§ What to do:
Beginning with the first line below, please repeat the material exactly, ending with the line that includes "Camisa Cuadros Holgada".

§ Supplied data:

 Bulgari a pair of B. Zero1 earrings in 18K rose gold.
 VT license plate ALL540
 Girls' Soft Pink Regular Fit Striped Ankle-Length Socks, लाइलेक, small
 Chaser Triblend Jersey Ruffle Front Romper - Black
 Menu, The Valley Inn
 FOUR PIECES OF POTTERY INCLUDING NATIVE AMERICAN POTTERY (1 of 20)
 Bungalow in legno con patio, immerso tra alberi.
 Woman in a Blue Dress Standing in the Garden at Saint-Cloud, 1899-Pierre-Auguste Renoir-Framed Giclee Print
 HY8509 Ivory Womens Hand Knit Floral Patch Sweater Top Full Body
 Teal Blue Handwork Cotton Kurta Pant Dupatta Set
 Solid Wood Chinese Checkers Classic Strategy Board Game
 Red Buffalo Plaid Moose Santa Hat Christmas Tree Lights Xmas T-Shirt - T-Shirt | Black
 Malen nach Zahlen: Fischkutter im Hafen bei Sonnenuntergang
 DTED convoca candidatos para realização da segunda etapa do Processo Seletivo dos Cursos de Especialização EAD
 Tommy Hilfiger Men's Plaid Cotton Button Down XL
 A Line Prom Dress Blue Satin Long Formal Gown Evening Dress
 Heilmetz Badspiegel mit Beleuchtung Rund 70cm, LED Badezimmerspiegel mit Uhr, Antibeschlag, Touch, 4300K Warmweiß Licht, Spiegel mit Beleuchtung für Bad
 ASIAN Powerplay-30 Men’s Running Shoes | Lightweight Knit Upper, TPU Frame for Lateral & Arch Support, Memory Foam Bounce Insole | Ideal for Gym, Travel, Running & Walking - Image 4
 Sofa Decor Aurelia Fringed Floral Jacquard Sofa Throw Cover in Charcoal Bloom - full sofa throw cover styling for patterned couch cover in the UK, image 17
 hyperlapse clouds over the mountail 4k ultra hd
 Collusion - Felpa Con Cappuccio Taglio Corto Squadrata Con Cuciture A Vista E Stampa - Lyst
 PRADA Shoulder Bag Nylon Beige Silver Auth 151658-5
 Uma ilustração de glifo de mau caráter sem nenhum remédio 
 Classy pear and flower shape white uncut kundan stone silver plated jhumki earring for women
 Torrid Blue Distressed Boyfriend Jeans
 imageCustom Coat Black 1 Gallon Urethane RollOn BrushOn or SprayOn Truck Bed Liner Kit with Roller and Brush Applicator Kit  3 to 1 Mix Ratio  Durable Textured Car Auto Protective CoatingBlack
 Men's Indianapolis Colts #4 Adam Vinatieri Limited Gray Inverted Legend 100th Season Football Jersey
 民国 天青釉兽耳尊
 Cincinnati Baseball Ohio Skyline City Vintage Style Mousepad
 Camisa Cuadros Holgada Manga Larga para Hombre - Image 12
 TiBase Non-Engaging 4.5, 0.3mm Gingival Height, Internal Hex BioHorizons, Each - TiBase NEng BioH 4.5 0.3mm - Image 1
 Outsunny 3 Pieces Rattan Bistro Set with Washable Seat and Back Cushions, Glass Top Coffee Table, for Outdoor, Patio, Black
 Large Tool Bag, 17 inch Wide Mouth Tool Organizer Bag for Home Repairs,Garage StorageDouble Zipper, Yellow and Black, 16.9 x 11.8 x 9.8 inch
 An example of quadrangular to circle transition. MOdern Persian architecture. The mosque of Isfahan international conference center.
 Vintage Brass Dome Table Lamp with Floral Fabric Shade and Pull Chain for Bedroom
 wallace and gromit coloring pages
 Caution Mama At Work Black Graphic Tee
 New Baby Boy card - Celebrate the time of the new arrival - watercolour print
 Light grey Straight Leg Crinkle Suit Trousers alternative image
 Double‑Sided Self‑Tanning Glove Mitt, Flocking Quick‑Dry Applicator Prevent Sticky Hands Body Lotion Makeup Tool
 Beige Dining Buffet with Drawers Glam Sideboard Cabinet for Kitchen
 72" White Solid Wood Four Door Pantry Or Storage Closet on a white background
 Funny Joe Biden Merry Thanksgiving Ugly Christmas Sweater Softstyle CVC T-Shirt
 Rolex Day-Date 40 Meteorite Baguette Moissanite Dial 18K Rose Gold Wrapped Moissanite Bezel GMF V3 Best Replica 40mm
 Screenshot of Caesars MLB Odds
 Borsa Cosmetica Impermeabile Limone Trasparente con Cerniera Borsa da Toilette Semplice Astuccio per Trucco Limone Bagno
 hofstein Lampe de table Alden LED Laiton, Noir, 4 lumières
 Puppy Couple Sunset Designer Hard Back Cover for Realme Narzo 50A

§ Expected answer:
 Bulgari a pair of B. Zero1 earrings in 18K rose gold.
 VT license plate ALL540
 Girls' Soft Pink Regular Fit Striped Ankle-Length Socks, लाइलेक, small
 Chaser Triblend Jersey Ruffle Front Romper - Black
 Menu, The Valley Inn
 FOUR PIECES OF POTTERY INCLUDING NATIVE AMERICAN POTTERY (1 of 20)
 Bungalow in legno con patio, immerso tra alberi.
 Woman in a Blue Dress Standing in the Garden at Saint-Cloud, 1899-Pierre-Auguste Renoir-Framed Giclee Print
 HY8509 Ivory Womens Hand Knit Floral Patch Sweater Top Full Body
 Teal Blue Handwork Cotton Kurta Pant Dupatta Set
 Solid Wood Chinese Checkers Classic Strategy Board Game
 Red Buffalo Plaid Moose Santa Hat Christmas Tree Lights Xmas T-Shirt - T-Shirt | Black
 Malen nach Zahlen: Fischkutter im Hafen bei Sonnenuntergang
 DTED convoca candidatos para realização da segunda etapa do Processo Seletivo dos Cursos de Especialização EAD
 Tommy Hilfiger Men's Plaid Cotton Button Down XL
 A Line Prom Dress Blue Satin Long Formal Gown Evening Dress
 Heilmetz Badspiegel mit Beleuchtung Rund 70cm, LED Badezimmerspiegel mit Uhr, Antibeschlag, Touch, 4300K Warmweiß Licht, Spiegel mit Beleuchtung für Bad
 ASIAN Powerplay-30 Men’s Running Shoes | Lightweight Knit Upper, TPU Frame for Lateral & Arch Support, Memory Foam Bounce Insole | Ideal for Gym, Travel, Running & Walking - Image 4
 Sofa Decor Aurelia Fringed Floral Jacquard Sofa Throw Cover in Charcoal Bloom - full sofa throw cover styling for patterned couch cover in the UK, image 17
 hyperlapse clouds over the mountail 4k ultra hd
 Collusion - Felpa Con Cappuccio Taglio Corto Squadrata Con Cuciture A Vista E Stampa - Lyst
 PRADA Shoulder Bag Nylon Beige Silver Auth 151658-5
 Uma ilustração de glifo de mau caráter sem nenhum remédio 
 Classy pear and flower shape white uncut kundan stone silver plated jhumki earring for women
 Torrid Blue Distressed Boyfriend Jeans
 imageCustom Coat Black 1 Gallon Urethane RollOn BrushOn or SprayOn Truck Bed Liner Kit with Roller and Brush Applicator Kit  3 to 1 Mix Ratio  Durable Textured Car Auto Protective CoatingBlack
 Men's Indianapolis Colts #4 Adam Vinatieri Limited Gray Inverted Legend 100th Season Football Jersey
 民国 天青釉兽耳尊
 Cincinnati Baseball Ohio Skyline City Vintage Style Mousepad
 Camisa Cuadros Holgada Manga Larga para Hombre - Image 12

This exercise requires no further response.